Of course, a few successful black people also do very little to alter the race–class dynamics of the UK and can even help to cement it. These successes can and will be used – even sometimes by the ‘middle class’ respectable black people themselves – to beat other poor people that ‘didn’t make it’ over the head. They can be used to pretend that the system is just and there are enough seats at the table – ‘if you just work hard and pull your socks up you can be like me’ – rather than simply being honest about the way things actually work. Most people, it seems to me at least, hate poor people more than they hate poverty.

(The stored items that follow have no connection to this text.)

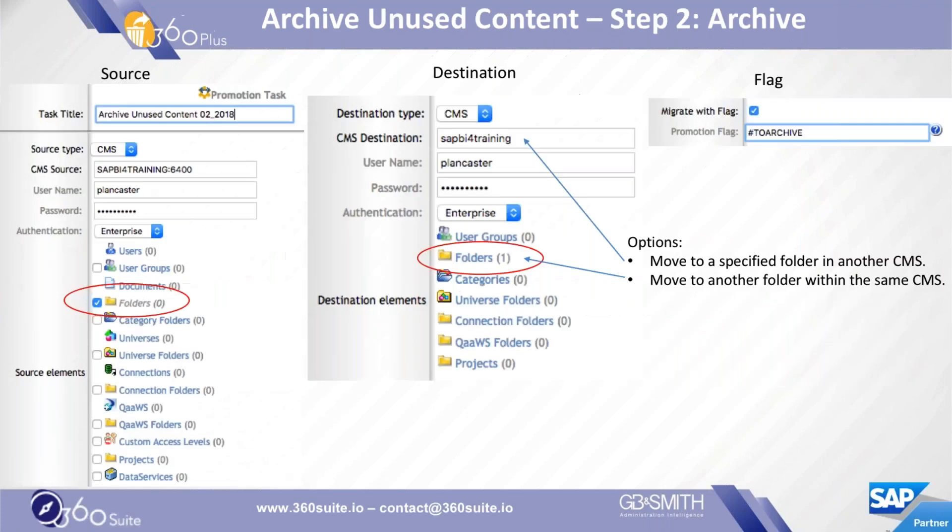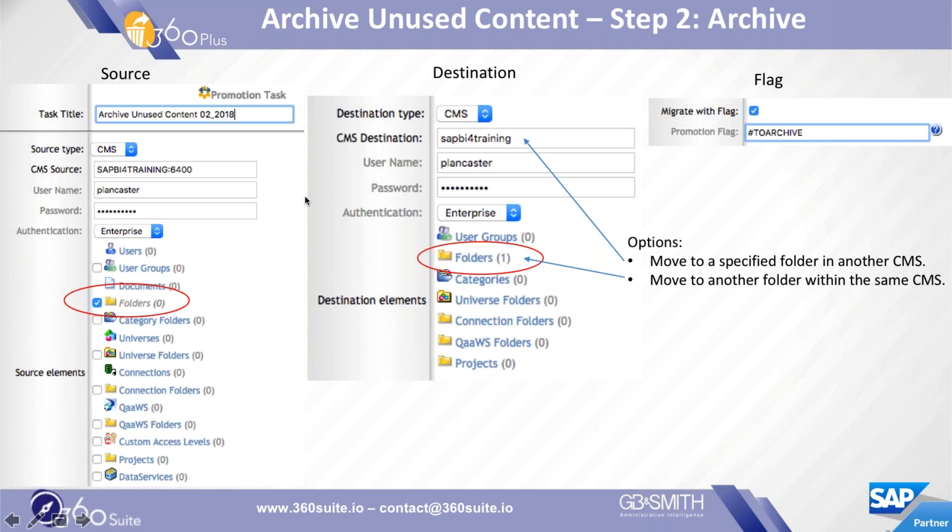Now your content has been flagged. Say you have 2,000 documents that have been flagged. Now, what are you going to do with it? In this example, we're going to move it to another folder. I created an archive folder. With 360 Plus, you can create a promotion job. The great thing is you don't have to select the content. I have Webbys and Crystals that were flagged for promotion. All I need to do is select folders. My destination, I can specify another CMS or another folder. Here I have selected an archive folder, and that's where I'm going to move all of that flagged content. The last option is Migrate with Flag, what is that flag? In this case, it was 'to archive.'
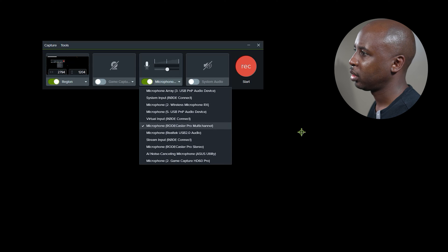So instead of choosing Multichannel, what you want to do is choose RODECaster Pro Stereo. And with that, you can press record and you'll have no issues. The issue is that Camtasia does not support multichannel, where some applications do, but a lot of applications don't.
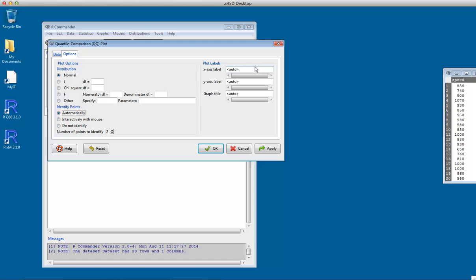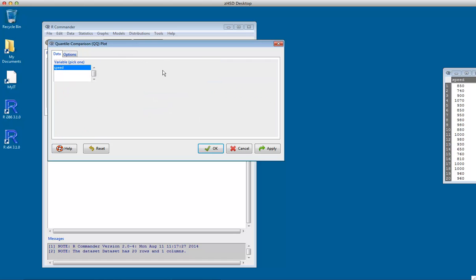Under Options we can choose a number of things, most of which you're just going to leave alone for this example. The main thing is that normal is ticked. We can do Quantile Comparison Plots for other distributions that we don't know about yet. And we can look at identifying points and various other things. We can also, over on the right here, change things like the axis labels. We're not going to do that now.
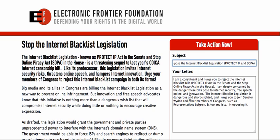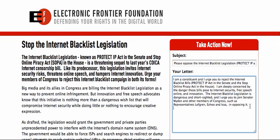Your letter will read: I am a constituent and I urge you to reject the internet blacklist bills — the Protect IP Act in the Senate and the Stop Online Piracy Act in the House. I am deeply concerned by the danger these bills pose to internet security, free speech online, and innovation. The internet blacklist legislation is dangerous and short-sighted, and I urge you to join Senator Wyden and other members of Congress such as Representatives Lofgren, Eshoo, and Issa in opposing it. You can add your own comments, whatever you would like to say.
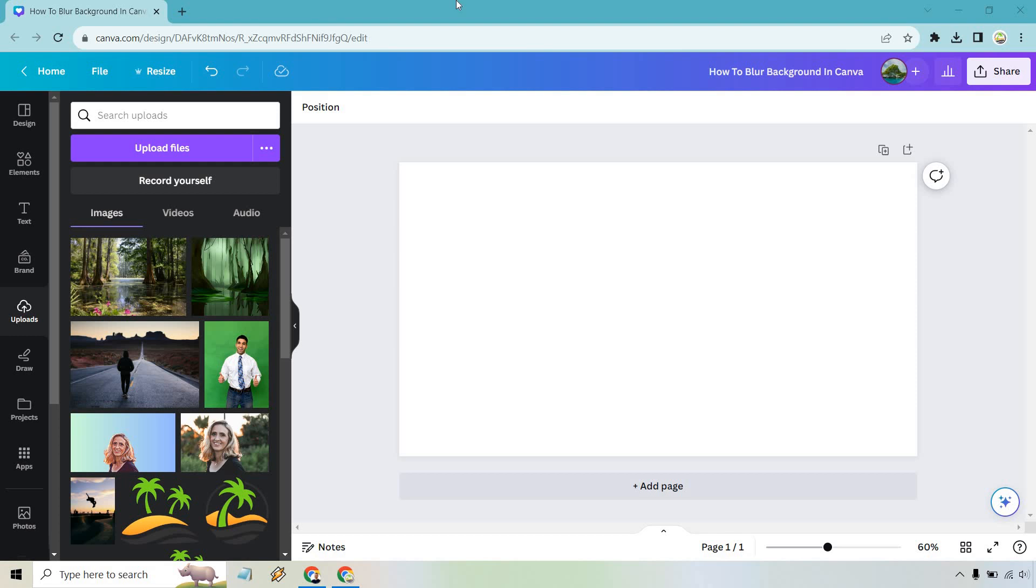Welcome to this tutorial where I'm going to be showing you how to blur a background in Canva. It's pretty easy to do, but you will need Canva Pro. So if you do want to follow along, I will leave my link down below in the description. The good thing about Canva Pro is they do come with a free trial so you can at least test it out.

This is classic, the old pull yourself up by the bootstraps trope. It ignores that people are not inherently good or bad, and that even ‘bad’ decisions are made in a context. For example, my aforementioned gangster uncles universally encouraged me to stay in school, paid me pocket money for reciting the theory of evolution to them as a child and even threatened to give me a bloody good hiding if I tried to be like them – i.e. a criminal. My good fr
iend, a retired Premier League footballer from the notorious Stonebridge estate, was officially banned from the ‘front line’ by all the drug dealers in ‘the ends’ when he was growing up. They saw his potential, his chance for a life different to their own, and these ‘bad’ people – I am not denying that they were indeed hardened criminals – protected him and me.

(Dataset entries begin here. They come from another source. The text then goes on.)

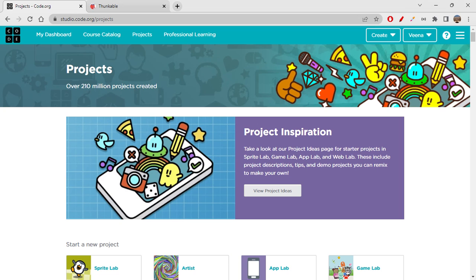Hi folks, how are we all doing today? Today we're going to learn something very new, interesting, and fun — something very useful. Most kids really don't know how to use Thunkable and don't know how to create apps on Thunkable, but they would like to publish the apps they are creating on App Lab. So for such projects, we're going to see the solution and how to publish those apps on Thunkable.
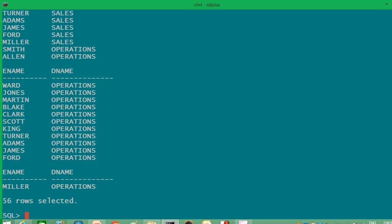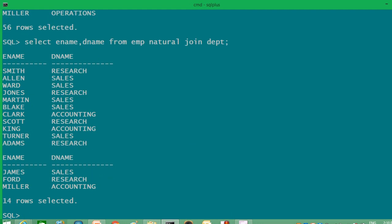The second join is natural join. Natural join will automatically pick the common column between two tables, compare them, and give us a result. You write SELECT ename, dname FROM emp NATURAL JOIN dept — you need not write anything else. Natural join will automatically detect the common column, which is department number, and equate it between both tables. Note that the column names must be the same for natural join to detect them.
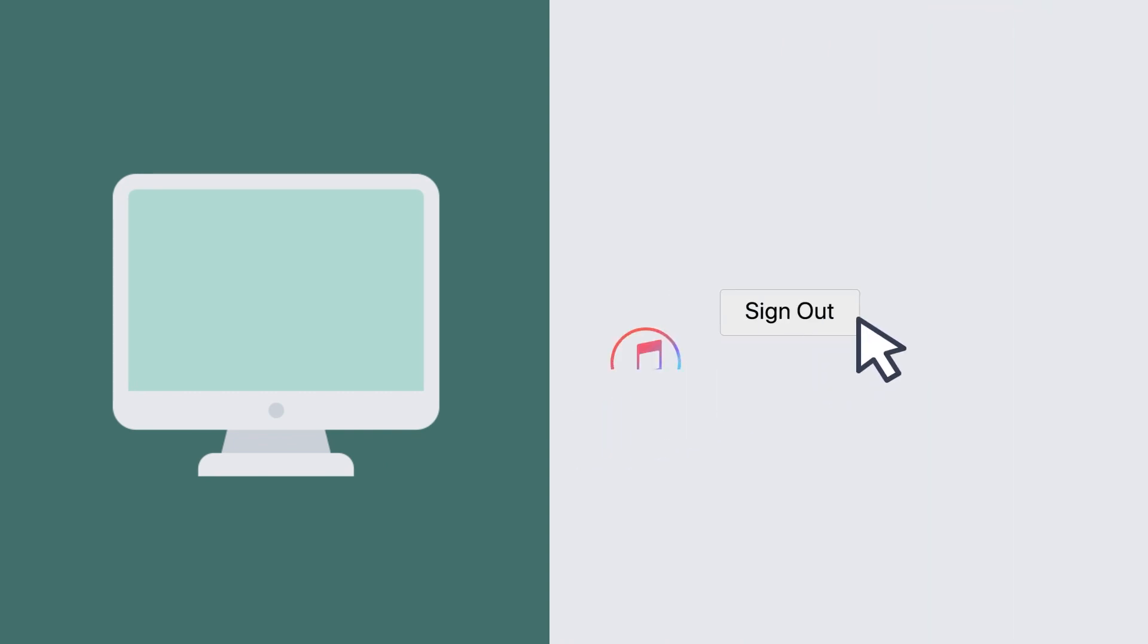Once you've broken the cloud connection between the old and new computer, you can sign out of all other accounts that you may have, from iTunes to Amazon, so no one can access them if they get a hold of your old computer.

Meanwhile, some of my white, middle-class teachers made my school life extremely difficult and penalised me for the very thing they were supposed to be nurturing; my intelligence. Law enforcement acted upon my body based on media-induced hysteria regardless of my school grades, my absolute geekiness and the fact that I wanted to be an astronaut when I grew up. We judge the street corner hustler or working-class criminal – from East Glasgow to East London – but we see a job as an investment banker, even in firms that launder the profits of drug cartels, fund terrorism, aid the global flow of arms, fuel war, oil spills, land grabs and generally fuck up the planet, as a perfectly legitimate, even aspirational occupation. I am not even necessarily passing judgment on those who are employed in that system, as I’m complicit in it to a degree because of my consumption, I am just pointing out that our evaluation of what constitutes ‘crime’ is not guided by morality, it is guided by the law; in other words, the rules set down by the powerful, not a universal barometer of justice – if such a thing even exists. We need not remind ourselves that slavery, apartheid, Jim Crow, a man’s right to rape his wife and the chemical castration of gay people were all ‘legal’ at one stage of very recent history, as was most of what was done by Nazi Germany.